Needless to say, that’s not bad company to be in for the third-year player out of FC Barcelona.
As the sample size of Hezonja’s improved play continues to grow, the intrigue surrounding his impending unrestricted free agency likewise will gain some steam.
Because the Magic are under new management this season, having hired Jeff Weltman from the Toronto Raptors to be their president of basketball ops and John Hammond from the Milwaukee Bucks as their general manager, changes to the roster were an inevitability.
However, Orlando’s decision to decline their team option for 2018-19 on Hezonja could very well end up costing them the services of their exciting young wing.
Instead of having Hezonja under team control for another season at the reasonable price of $6.9 million – before having the option to make him a restricted free agent in the summer of 2019 – the most they can now offer the Croatian to stay in central Florida next year is his $5.2 million cap hold.

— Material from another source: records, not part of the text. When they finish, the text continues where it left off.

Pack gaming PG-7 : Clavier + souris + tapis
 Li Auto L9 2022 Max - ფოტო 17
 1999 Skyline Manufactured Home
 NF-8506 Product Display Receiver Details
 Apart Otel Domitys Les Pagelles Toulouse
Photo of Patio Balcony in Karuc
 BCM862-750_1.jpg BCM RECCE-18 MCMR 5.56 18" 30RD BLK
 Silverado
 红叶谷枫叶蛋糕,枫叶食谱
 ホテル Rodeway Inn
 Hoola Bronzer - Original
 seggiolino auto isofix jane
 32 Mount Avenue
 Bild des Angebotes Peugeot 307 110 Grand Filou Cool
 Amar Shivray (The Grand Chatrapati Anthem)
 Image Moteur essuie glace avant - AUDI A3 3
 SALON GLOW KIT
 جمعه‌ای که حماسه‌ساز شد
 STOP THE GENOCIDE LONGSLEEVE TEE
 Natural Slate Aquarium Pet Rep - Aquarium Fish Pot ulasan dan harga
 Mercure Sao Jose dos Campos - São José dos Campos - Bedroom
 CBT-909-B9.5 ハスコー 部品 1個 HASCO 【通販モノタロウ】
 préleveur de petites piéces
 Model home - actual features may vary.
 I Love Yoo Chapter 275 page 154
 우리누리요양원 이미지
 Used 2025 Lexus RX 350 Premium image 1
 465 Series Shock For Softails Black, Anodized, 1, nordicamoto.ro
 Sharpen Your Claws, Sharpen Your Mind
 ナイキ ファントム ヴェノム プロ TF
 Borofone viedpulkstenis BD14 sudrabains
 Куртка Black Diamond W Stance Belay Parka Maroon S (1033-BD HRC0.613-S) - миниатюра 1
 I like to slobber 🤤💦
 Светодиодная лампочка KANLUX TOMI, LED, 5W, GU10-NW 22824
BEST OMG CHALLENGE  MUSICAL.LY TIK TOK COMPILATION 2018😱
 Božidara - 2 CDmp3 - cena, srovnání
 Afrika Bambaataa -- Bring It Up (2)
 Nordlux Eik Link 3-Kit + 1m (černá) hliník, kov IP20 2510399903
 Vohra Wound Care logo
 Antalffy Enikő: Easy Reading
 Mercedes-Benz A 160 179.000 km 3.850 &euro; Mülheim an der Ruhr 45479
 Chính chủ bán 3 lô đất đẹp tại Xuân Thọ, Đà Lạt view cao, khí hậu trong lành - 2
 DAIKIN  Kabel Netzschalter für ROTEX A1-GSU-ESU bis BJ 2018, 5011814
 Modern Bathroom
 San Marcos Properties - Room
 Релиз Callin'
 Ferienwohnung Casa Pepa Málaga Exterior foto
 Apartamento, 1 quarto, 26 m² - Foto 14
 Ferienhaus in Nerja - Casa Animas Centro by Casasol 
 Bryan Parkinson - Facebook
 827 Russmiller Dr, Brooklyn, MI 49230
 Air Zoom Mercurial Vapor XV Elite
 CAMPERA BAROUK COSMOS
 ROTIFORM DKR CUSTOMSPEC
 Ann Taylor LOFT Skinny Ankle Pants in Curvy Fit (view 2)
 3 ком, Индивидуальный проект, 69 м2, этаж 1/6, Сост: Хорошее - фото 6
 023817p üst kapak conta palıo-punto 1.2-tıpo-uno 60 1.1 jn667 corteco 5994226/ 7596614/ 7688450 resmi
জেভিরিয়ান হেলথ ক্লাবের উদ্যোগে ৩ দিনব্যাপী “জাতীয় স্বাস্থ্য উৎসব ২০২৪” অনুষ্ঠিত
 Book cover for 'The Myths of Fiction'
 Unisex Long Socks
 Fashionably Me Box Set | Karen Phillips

If another franchise is enticed by what Hezonja has shown over the latter half of 2017-18, they can acquire him at whatever price they see fit – and there’s nothing the Magic can do to stop it.
Though the thought of the former 2015 draft pick earning any sort of payday was laughable in the not-so-distant past (after all, Hezonja did average a meager 5.5 points per contest on 39.8 percent shooting over his first two seasons), it now doesn’t seem so unbelievable.
This year, according to Synergy Sports Tech, the Magic wing is producing 0.96 points per possession (PPP) as a scorer out of the pick-and-roll – a mark that places him in the 83rd percentile, ahead of the likes of Victor Oladipo and DeMar DeRozan (albeit on a far smaller sample size).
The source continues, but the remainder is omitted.